Health outcomes are expressed as quality-adjusted life-years (QALYs) derived from the EQ-5D instrument, following NICE 2025 guidance [18], and discounted at 3.5% per year. Additionally, clinical outcomes measured include tumour stage at detection, cancer deaths, and the proportion of cancers detected through screening. To accurately capture health-related quality of life, baseline utilities for women of screening age are drawn from UK population norms [44, 45]. Utility decrements are applied for cancer stage and treatment (largest in year one), survivorship, terminal illness, and false-positive screening. Early-stage cancer decrements combine treatment-specific utility losses [46, 47] with English treatment distributions [23]. We also incorporate reductions in quality of life associated with later-stage breast cancer, longer-term survivorship, end-of-life care and a UK-specific disutility for false-positive screening [48,49,50].

Cost-utility analysis

We conduct a cost-utility analysis, with results expressed as net monetary benefit (NMB) to capture the value of each intervention in monetary terms while accounting for the opportunity cost of service change to the NHS [51]. In accordance with NICE 2025 guidance [18], NMBs are calculated at a willingness-to-pay threshold of £20,000 per QALY. When comparing multiple interventions, the option with the highest NMB at the threshold is considered most cost-effective. Strategies that reduce costs while improving health outcomes compared with standard screening are termed dominant [51]. Incremental cost-effectiveness ratios (ICERs), which express the additional cost per additional QALY gained, are reported for strategies that are not dominant relative to standard screening.

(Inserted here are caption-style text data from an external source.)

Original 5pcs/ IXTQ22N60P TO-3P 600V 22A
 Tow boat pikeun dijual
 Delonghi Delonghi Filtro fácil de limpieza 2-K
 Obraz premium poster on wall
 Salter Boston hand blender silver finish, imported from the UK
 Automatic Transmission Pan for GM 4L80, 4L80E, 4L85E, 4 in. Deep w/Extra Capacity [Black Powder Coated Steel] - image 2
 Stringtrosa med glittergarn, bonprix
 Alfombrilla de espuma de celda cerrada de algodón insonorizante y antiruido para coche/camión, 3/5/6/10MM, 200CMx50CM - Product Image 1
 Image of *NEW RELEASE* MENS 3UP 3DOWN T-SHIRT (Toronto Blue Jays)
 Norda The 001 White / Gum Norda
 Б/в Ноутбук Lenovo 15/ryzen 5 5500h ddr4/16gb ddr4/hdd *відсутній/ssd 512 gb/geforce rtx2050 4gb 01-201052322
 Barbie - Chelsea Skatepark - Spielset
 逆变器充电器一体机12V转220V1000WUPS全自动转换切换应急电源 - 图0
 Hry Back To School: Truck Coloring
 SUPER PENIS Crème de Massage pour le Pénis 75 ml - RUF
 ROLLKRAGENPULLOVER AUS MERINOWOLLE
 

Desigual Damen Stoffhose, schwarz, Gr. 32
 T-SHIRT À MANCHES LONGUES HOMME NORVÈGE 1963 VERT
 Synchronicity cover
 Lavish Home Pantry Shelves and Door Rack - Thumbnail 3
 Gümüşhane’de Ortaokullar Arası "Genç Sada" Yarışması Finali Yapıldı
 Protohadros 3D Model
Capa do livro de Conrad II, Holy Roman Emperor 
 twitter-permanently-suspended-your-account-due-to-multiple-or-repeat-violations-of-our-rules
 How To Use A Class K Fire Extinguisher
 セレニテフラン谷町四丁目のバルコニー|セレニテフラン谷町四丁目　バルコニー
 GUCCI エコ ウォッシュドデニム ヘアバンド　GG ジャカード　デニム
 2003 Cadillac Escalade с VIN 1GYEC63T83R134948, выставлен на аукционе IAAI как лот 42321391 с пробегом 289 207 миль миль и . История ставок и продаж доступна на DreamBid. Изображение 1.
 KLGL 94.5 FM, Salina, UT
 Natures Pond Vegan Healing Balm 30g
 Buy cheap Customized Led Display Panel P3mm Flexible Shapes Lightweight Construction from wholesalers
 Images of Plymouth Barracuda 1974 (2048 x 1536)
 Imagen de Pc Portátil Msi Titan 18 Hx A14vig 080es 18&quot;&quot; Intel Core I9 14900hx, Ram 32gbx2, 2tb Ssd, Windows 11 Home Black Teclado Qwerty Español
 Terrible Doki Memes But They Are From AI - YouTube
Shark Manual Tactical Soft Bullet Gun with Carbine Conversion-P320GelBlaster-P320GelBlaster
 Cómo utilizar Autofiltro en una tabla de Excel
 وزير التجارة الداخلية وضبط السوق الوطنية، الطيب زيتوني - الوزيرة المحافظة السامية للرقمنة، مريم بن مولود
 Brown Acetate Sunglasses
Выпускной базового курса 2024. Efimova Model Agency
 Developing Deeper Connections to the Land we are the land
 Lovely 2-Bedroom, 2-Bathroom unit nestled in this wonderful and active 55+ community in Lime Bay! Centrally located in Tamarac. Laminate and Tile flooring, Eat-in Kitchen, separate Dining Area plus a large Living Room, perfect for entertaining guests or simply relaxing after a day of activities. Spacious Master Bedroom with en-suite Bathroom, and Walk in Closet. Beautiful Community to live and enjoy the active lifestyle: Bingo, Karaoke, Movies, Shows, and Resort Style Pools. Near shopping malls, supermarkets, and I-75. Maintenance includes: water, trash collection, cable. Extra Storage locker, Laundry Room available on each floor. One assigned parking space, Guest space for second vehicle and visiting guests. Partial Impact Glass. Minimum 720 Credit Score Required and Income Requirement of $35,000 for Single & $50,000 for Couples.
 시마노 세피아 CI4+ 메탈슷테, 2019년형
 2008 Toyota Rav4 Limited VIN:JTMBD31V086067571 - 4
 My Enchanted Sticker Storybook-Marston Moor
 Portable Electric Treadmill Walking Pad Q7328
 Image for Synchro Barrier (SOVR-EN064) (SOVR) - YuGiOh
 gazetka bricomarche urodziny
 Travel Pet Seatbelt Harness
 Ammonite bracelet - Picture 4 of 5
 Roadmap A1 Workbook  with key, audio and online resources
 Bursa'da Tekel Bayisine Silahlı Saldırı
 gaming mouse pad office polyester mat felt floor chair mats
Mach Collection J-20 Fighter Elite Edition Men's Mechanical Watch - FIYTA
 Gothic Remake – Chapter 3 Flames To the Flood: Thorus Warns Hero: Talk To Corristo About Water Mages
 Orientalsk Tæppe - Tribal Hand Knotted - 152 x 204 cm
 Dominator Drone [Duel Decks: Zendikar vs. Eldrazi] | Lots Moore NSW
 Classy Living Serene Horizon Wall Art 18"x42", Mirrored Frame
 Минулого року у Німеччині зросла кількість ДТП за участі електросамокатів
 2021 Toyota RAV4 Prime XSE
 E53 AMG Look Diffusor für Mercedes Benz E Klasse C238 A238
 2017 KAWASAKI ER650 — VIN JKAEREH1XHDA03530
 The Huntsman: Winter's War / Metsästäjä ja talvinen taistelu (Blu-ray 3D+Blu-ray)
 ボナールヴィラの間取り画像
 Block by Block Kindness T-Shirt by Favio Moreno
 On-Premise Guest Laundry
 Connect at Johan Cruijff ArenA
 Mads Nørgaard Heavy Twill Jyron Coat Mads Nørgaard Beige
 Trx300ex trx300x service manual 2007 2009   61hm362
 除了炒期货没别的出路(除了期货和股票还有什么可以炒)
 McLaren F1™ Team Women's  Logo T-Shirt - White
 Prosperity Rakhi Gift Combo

External validation and sensitivity analyses

External validation of the model was carried out using benchmarks from 2022 NHS breast screening data [23] (appendix, pp 41–42). Probabilistic sensitivity analysis (PSA) used parameter distributions detailed in the model documentation (appendix, pp 49-53). To minimise stochastic error, each run simulated 100,000 individuals, with 2000 PSA iterations balancing precision and computational feasibility. The adequacy of the number of PSA runs was assessed by reviewing the variance in NMB, as recommended by NICE guidance [18], to ensure that increasing the number of iterations would not substantially affect the results (appendix, pp. 49-50). Model uncertainty was also assessed with scatterplots and cost-effectiveness acceptability curves (CEACs), showing the probability each strategy is most cost-effective across willingness-to-pay thresholds [51]. An additional CEAC is presented for a scenario excluding the most cost-effective AI strategy, as its feasibility to policymakers is not known, thereby allowing a clearer comparison of how the alternative strategies perform in terms of cost-effectiveness. One-way deterministic sensitivity analyses incrementally increased the cost of AI per screen by up to double.